* **PROVIDED MATERIAL**:
-- -- --

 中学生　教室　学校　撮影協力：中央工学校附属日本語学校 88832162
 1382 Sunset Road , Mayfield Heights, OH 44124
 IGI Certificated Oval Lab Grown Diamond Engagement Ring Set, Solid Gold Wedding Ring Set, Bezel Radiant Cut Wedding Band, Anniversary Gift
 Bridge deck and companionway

-- -- --

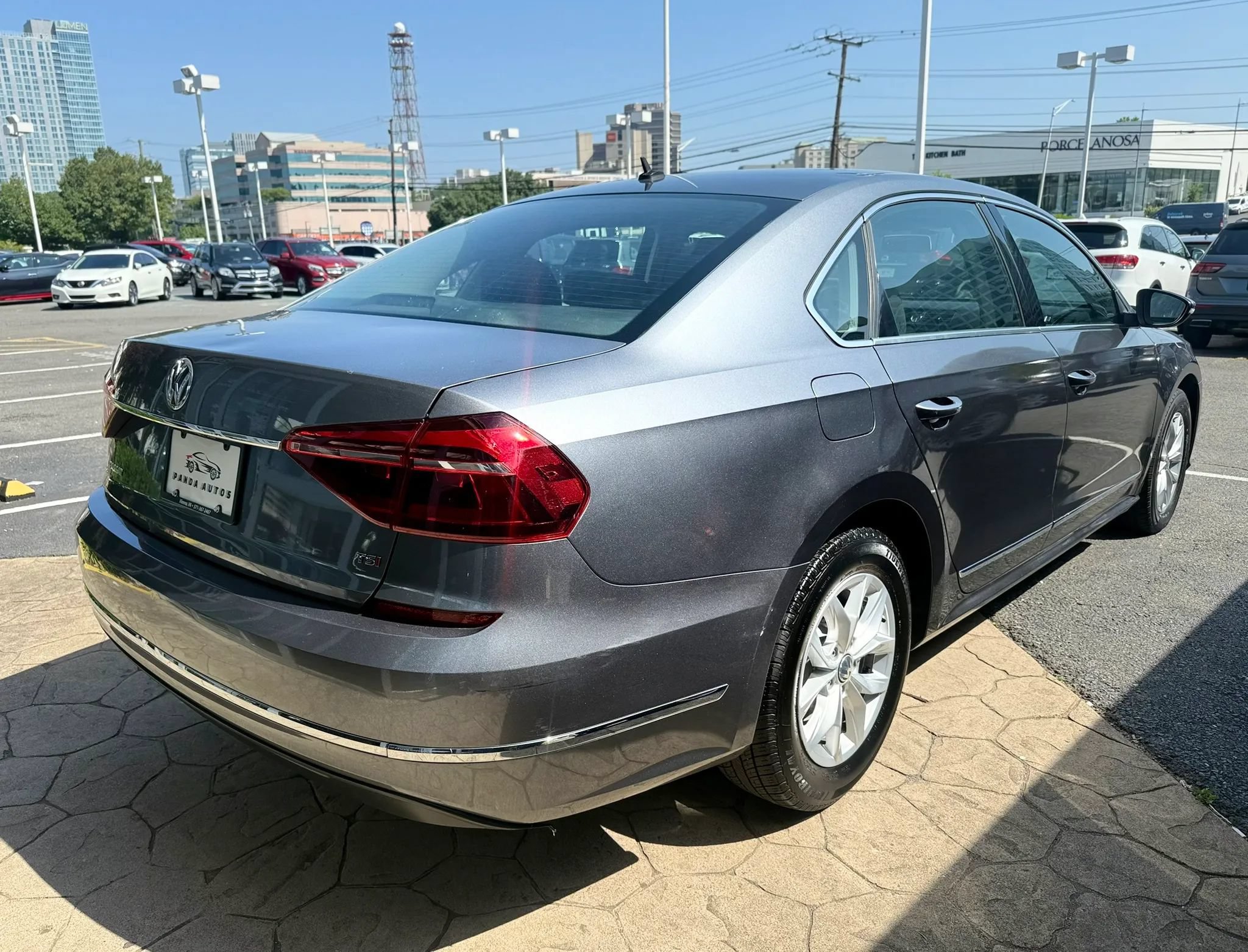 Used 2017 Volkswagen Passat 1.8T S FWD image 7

-- -- --

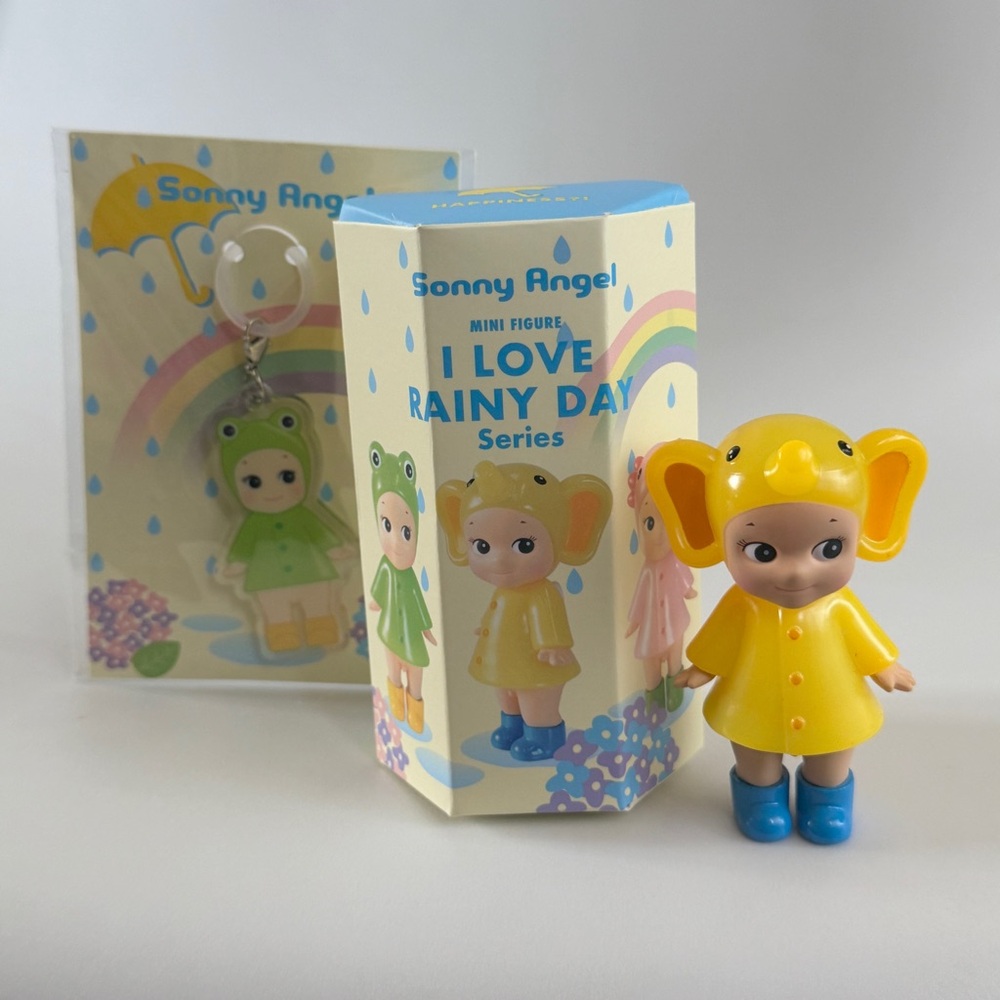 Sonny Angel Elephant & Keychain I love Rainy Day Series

-- -- --

* **PROMPT**: Go to the line in the material above that contains "中学生　教室　学校　撮影協力：中央工学校附属日本語学校 88832162" and copy exactly from there through the line that contains "Bridge deck and companionway", stopping after it.

* **ANSWER BOX**:
 中学生　教室　学校　撮影協力：中央工学校附属日本語学校 88832162
 1382 Sunset Road , Mayfield Heights, OH 44124
 IGI Certificated Oval Lab Grown Diamond Engagement Ring Set, Solid Gold Wedding Ring Set, Bezel Radiant Cut Wedding Band, Anniversary Gift
 Bridge deck and companionway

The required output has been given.